“Judge me by my size, do you?” – Yoda
“Judge me by me size, do ye?” – Red Suarez, fictional pirate.
Eerie, isn’t it? Try this one:
“The future I cannot see” – Yoda
“The future I cannot see” – Cap’t Barbossa.
Call me crazy, but I’m seeing a definite link between the syntactically challenged English Yoda speaks and the educationally challenged middle English spoken by fictional pirates. A link, a connection, a commonality.
Try it. Take any Yoda line, swap out the word “you” with the word “ye”, and say it like Long John Silver.
“Truly wonderful the mind of a child is.”
Creepy, am I right?
So? What gives? I’ve come up with three theories:
First theory: Yoda and pirates come from the same stock. One day those ghost hunting guys who keeps discovering Chupacabra tracks for cable television are going to uncover the remains of a Yoda-like creature that crash-landed in the Caribbean some 500 years ago. “Help me, you must,” cried the sole survivor. This theory is not very likely.
Second theory: convoluted sentence structure is a byproduct of being strong with The Force. Yoda is certainly robust in that respect. And it’s not a long stretch to imagine pirates as being strong in the Dark Side. Still, Darth Vader didn’t talk like a pirate, and Kylo Ren uses pretty good grammar. Even Luke Skywalker, about whom Darth Vader said “The Force is strong in this one” – even he got subjects and verbs in the right order. Another not very likely theory.
Third theory: Lawrence Kasdan, who wrote the screenplay for The Empire Strikes Back, needed to give Yoda a quirky-yet-charming mannerism that would make him sound both familiar and alien. Clever, this dialect choice was. This would be the most likely theory.
Now, as I know you know, not all pirates talked like Yoda. Pirates mostly spoke in the dialect of their native lands – during the Golden Age of Piracy, this would have been England. And, since the greatest percentage of pirates were not men of culture and learning, they tended to use the rougher language of the streets – stab me in me vitals if that don’t be true!
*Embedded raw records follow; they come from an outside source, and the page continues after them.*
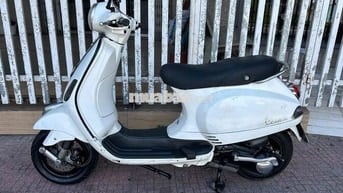 Piaggio Vespa LX 125 trắng máy móc ok bình đề ngon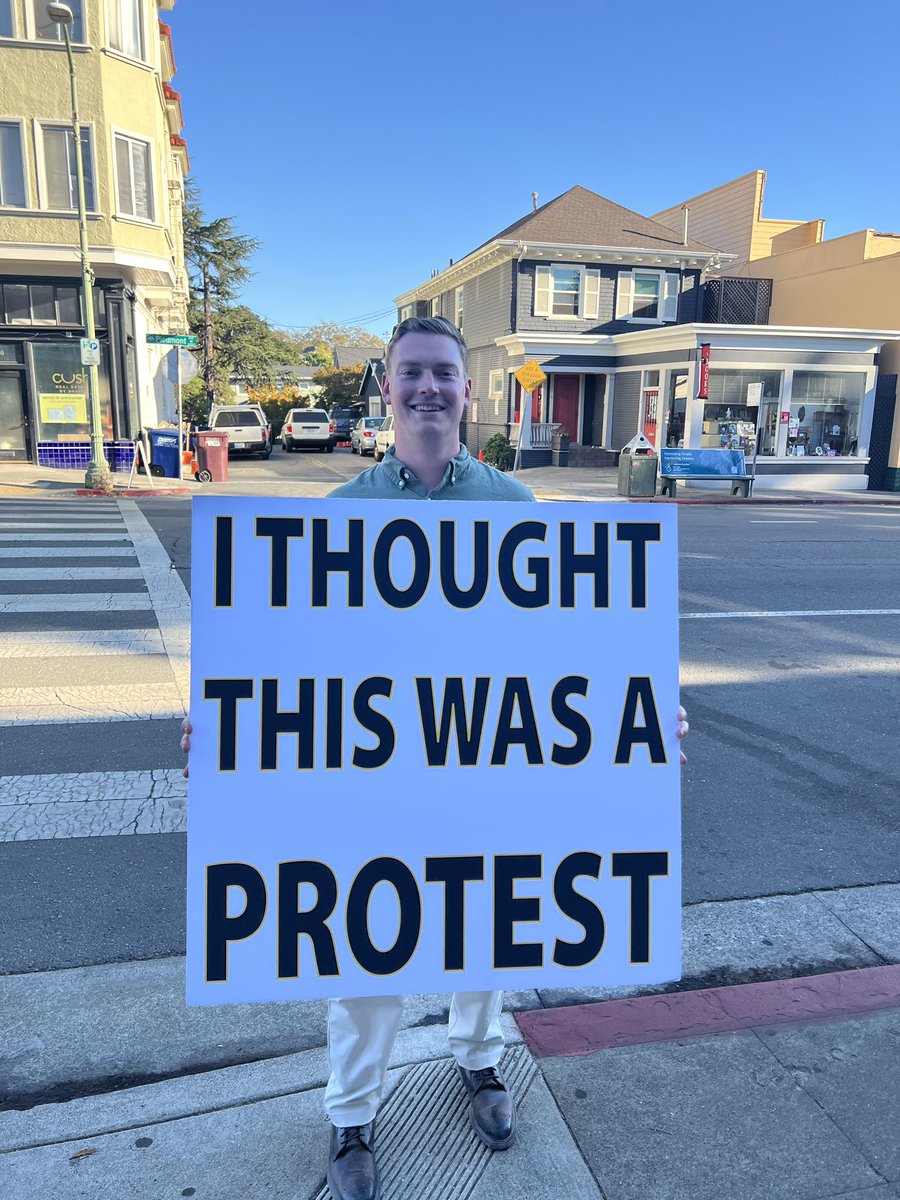 <a href="/avinashkunnath/">Avinash Kunnath</a> Alright #Calgorithm it’s happening. Catch me on <a href="/CollegeGameDay/">College GameDay</a> Saturday morning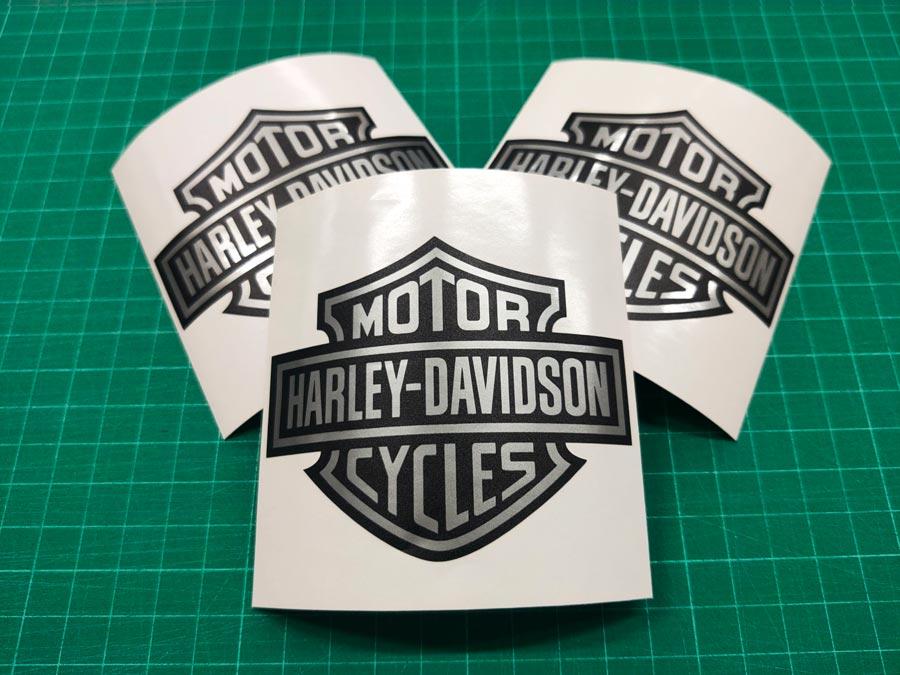 พิมพ์สกรีนยูวี รับสกรีนโลโก้ Print UV Inkjet งานพิมพ์คมชัด ทนทาน เหมาะสำหรับวัสดุหลากหลาย เช่น ไม้ โลหะ และอะคริลิค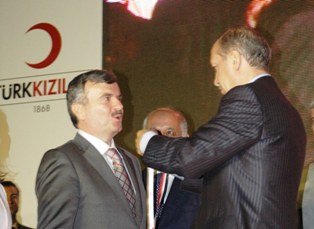 Başbakan'dan Büyükşehir'e anlamlı ödül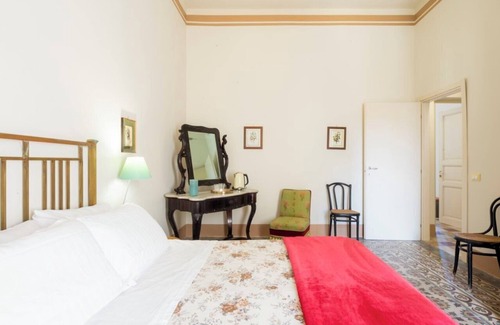 Erice Cama Y Desayuno | Noble palace sky view in the mountains, near the historic center of Erice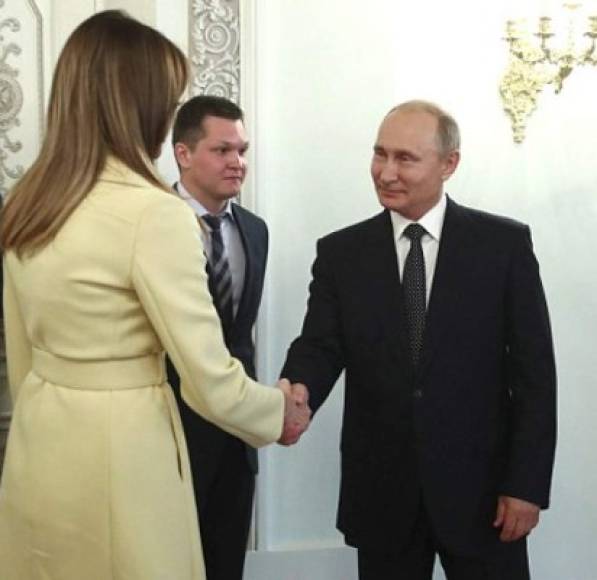 Putin saludó con mucho respeto a la primera dama de EEUU.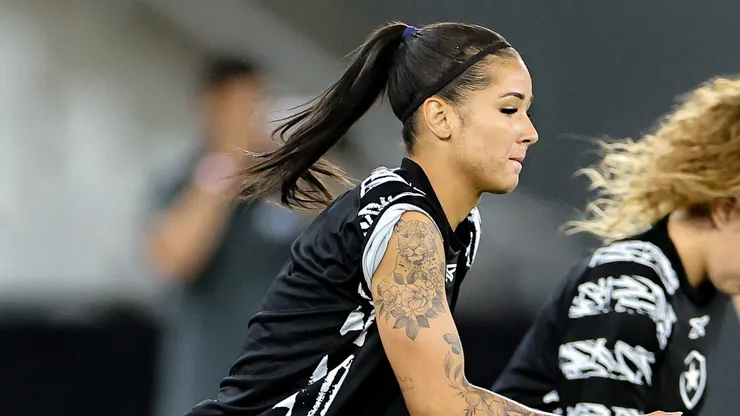 Thaynara em campo - Foto: Arthur Barreto/Botafogo
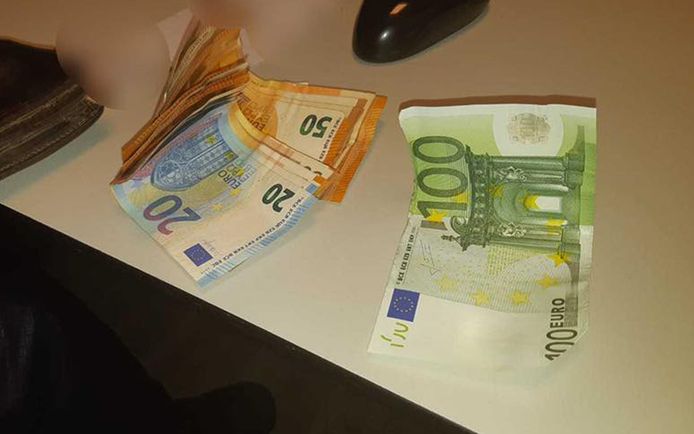 In de portefeuille zaten briefjes voor in totaal 1.045 euro.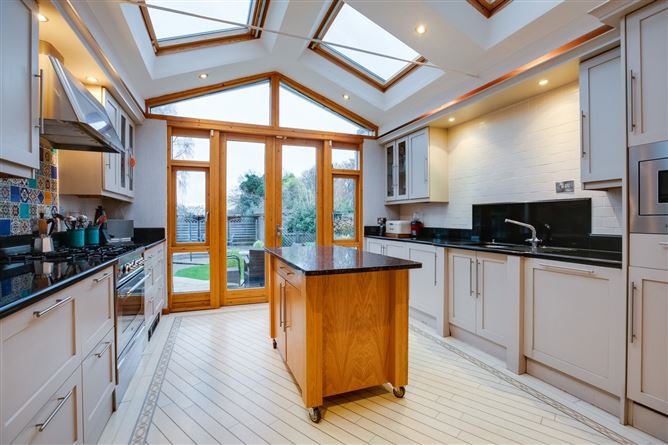93 Rosehill, Carysfort Avenue, Blackrock, Co. Dublin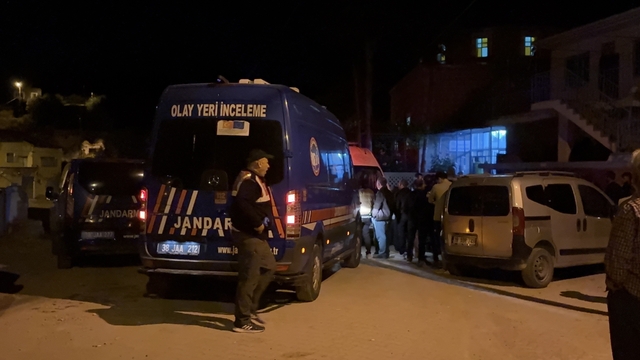 Camide 2 kişiyi bıçakla öldüren saldırganın asıl hedefi imammış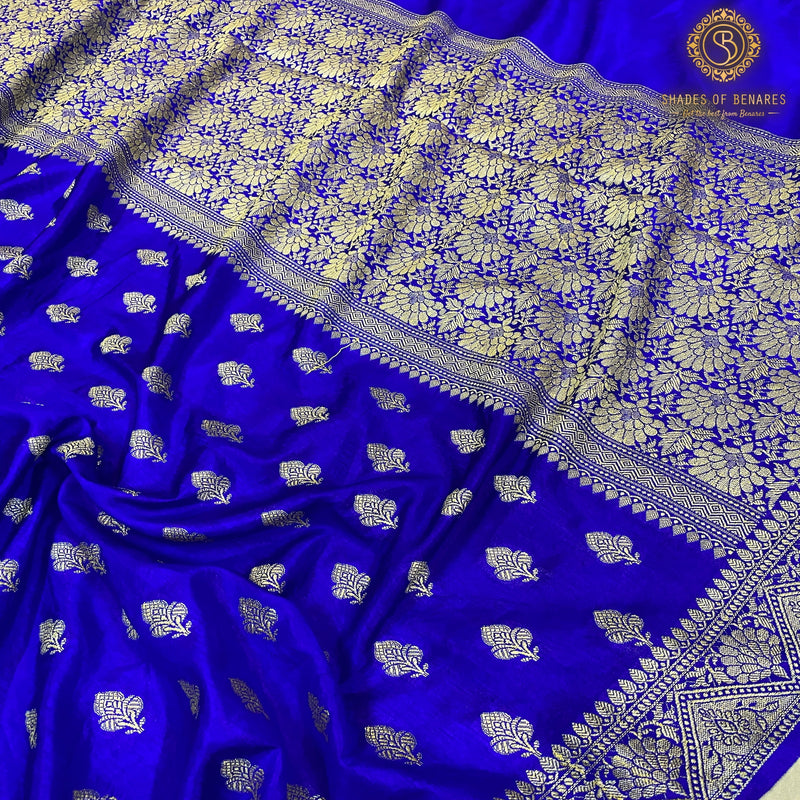 Indulge in the elegance of our royal blue handloom crepe Banarasi silk sari. Perfect for formal events and cultural festivities, this sari exudes opulence and craftsmanship. Elevate your style with this versatile piece! Shop now.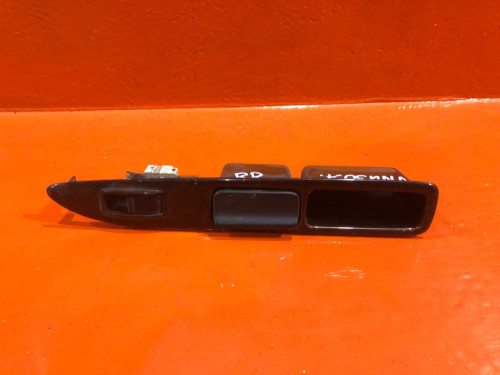 Кнопка стеклоподъемника задняя правая NISSAN BASSARA U30 25411AD000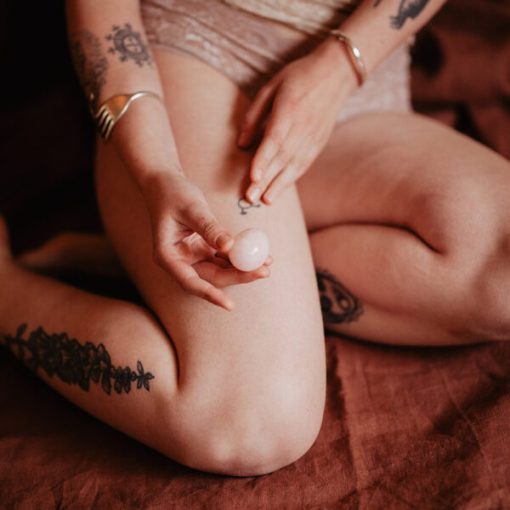 yoni ei op blote been van vrouw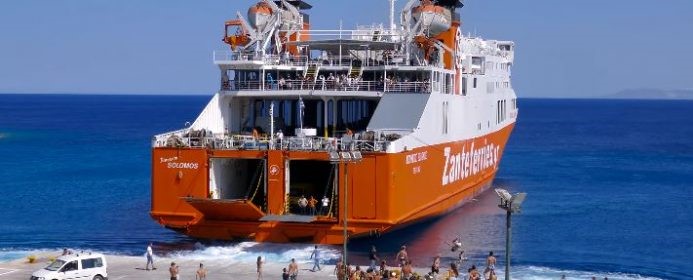 Σίκινος: Ο απίστευτος αποχαιρετισμός των κατοίκων – Βουτάνε στο λιμάνι την ώρα που φεύγει το πλοίο (βίντεο)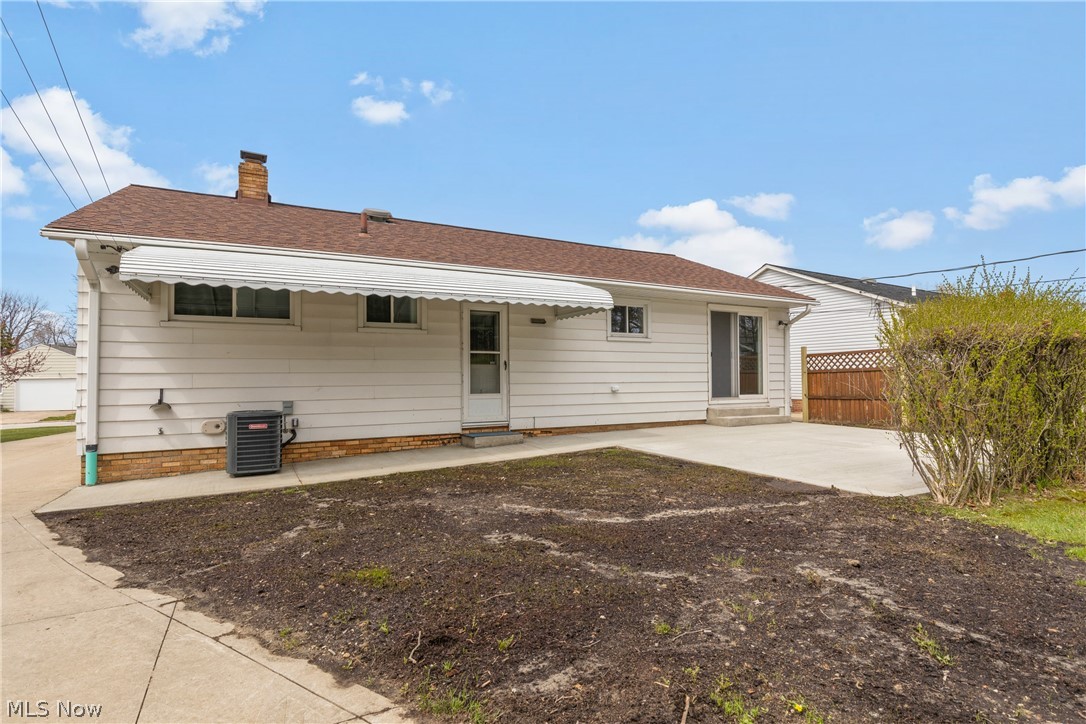 6120 Westerham Road Cleveland, OH 44124 - Photo 33 of 35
If you read Treasure Island, by Robert Louis Stevenson, you’ll get a great pirate caricature in Long John Silver. But read The Black Swan, by Rafael Sabatini, and you’ll find a great mix of swashbuckling pirate and gentlemen of fortune that, while quite romantic, was probably equally accurate.
And, middle English, which was in use at the close of the Elizabethan Era, quite at the same time as the Golden Age of Piracy, was full of fun, convoluted sentence structures. This one is my current favorite: “Avoid taverns, brothels and gambling halls should I, were I you.”
Until the link between the citizens of Dagobah and Port Royal is defined, however, around Yoda my wallet should I watch. Arrgh.